“¡Lo tiene usted como nuevo!”. Maniobraba con cuidado en el muelle 5 del puerto de Algeciras, para que el largo voladizo delantero del Celica no se enganchara en la rampa de acceso al “Ciudad de Málaga”. El empleado de Trasmediterránea me ayudaba con indicaciones mientras observaba el coche con admiración. “Pues va a cumplir 23 años”, le respondí. Y con la seguridad del que basa lo que dice en un recuerdo vivo, me dijo: “Lo sé, monté en uno igual el día de mi Primera Comunión”.
Era la primera jornada de nuestro viaje al Sahara con el Celica, e íbamos a romper una regla básica de los viajes: no conduzcas de noche por lugares desconocidos. El barco zarpó con retraso, atracó con más retraso, el cruce de la frontera tuvo la tardanza habitual, y nuestro hotel en Tánger era un minúsculo riad en una callejuela de la medina.

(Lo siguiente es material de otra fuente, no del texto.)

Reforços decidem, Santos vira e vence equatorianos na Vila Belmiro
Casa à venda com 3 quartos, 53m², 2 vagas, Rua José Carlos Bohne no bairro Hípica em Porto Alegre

Y además era sábado por la noche. Cruzar las avenidas de la ville nouvelle, repletas de coches y de gente, requirió decisión y a veces arrojo para meter el morro del Celica en el caos de Mercedes antiguos, Dacias nuevos y autobuses llenos. Atravesar una de las grandes glorietas fue un paso más en la emoción, porque un alcance múltiple había bloqueado una parte, y la otra se liaba por los conductores que miraban un deportivo rojo y bajito que se abría paso entre el caos. A la altura del Grand Socco, el coche casi no cabía en las estrechas calles abarrotadas por igual de chilabas y ropa occidental, subimos por la rue de la Kasbah bordeando la muralla, y ahí se perdía incluso el Google Maps cargado en el iPad. De modo que condujimos hasta que las calles se convirtieron en laberintos peatonales, y dejamos el Celica descansando de la primera etapa, mientras nosotros caminábamos hasta el Riad Albarnous.

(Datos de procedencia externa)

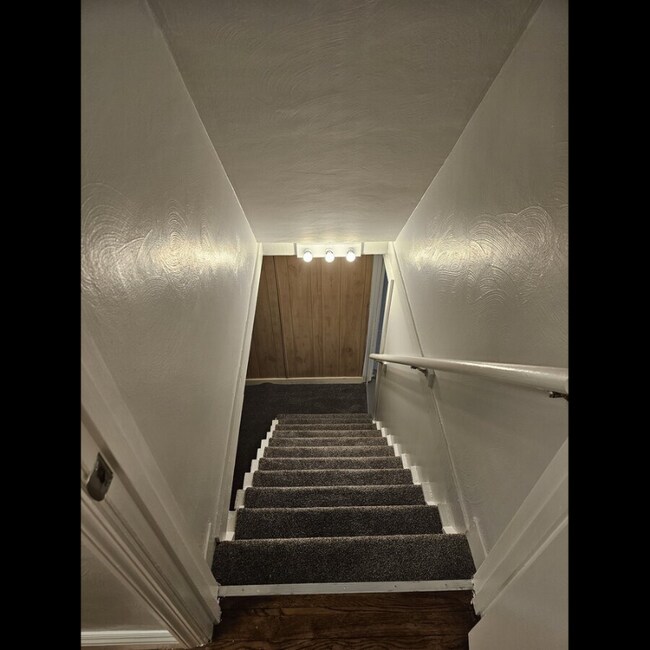 Building Photo - 1606 Greentree Rd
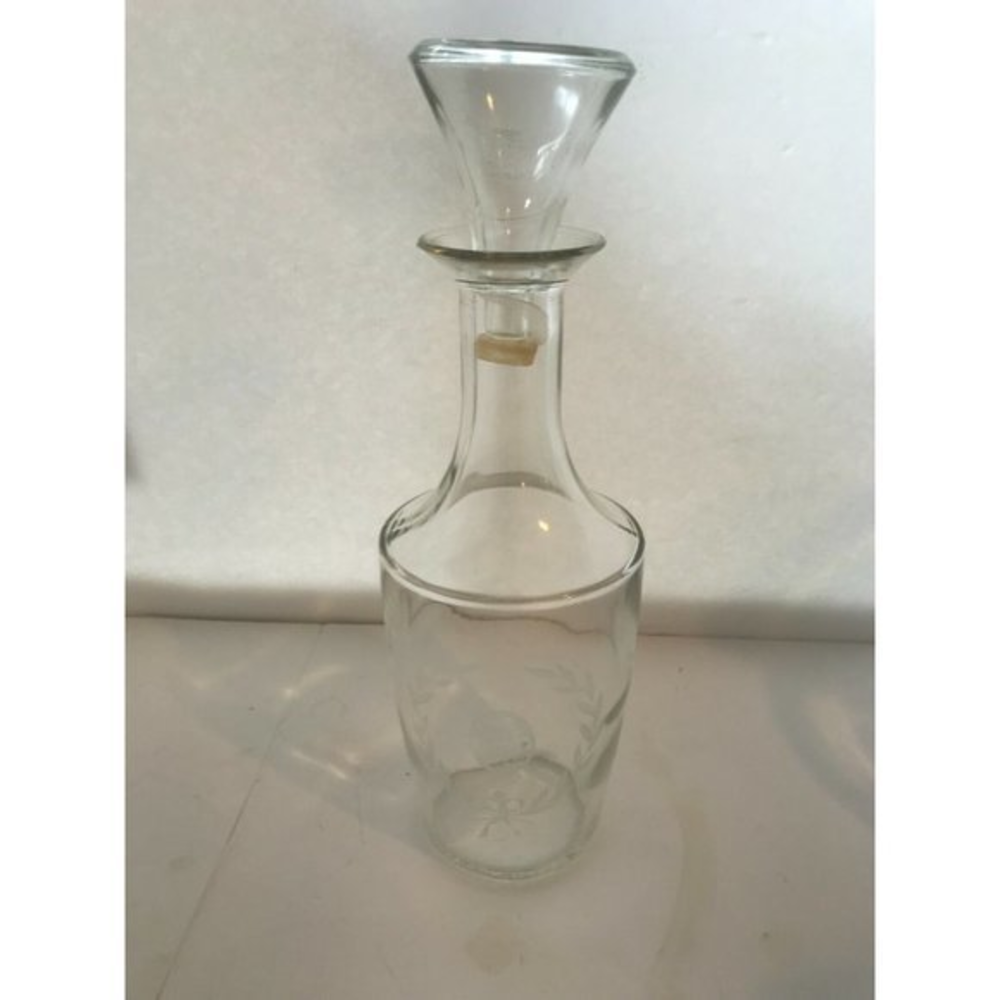 Vintage Etched‎ Rose Glass Decanter w Stopper D126 Whiskey Bourbon Barware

Tánger es ahora una muestra de los extremos económicos y sociales del Marruecos de hoy, que no olvida su pasado de ciudad internacional. El nuevo puerto y las muchas fábricas son los símbolos visibles de la enorme inversión que le ha caído a la zona, en la que ahora se asientan los marroquíes jóvenes, multilingües y con estudios que antes emigraban. Son las consecuencias esperadas del plan de modernización Tánger Metrópoli, que aun añadirá el primer tren de alta velocidad de Africa, que unirá Tánger con Casablanca y que se adjudicó a los franceses sin concurso.
Ya hay avenidas, buenos pisos, centros comerciales, tiendas de lujo y coches pintones. En el centro se mantienen la kasbah y la medina, solo que limpias y orientadas al negocio, no a la presión sobre los pocos turistas. Y el antiguo puerto comercial tendrá en 2016 amarres para 1.610 yates, frente a un paseo marítimo remozado y domado.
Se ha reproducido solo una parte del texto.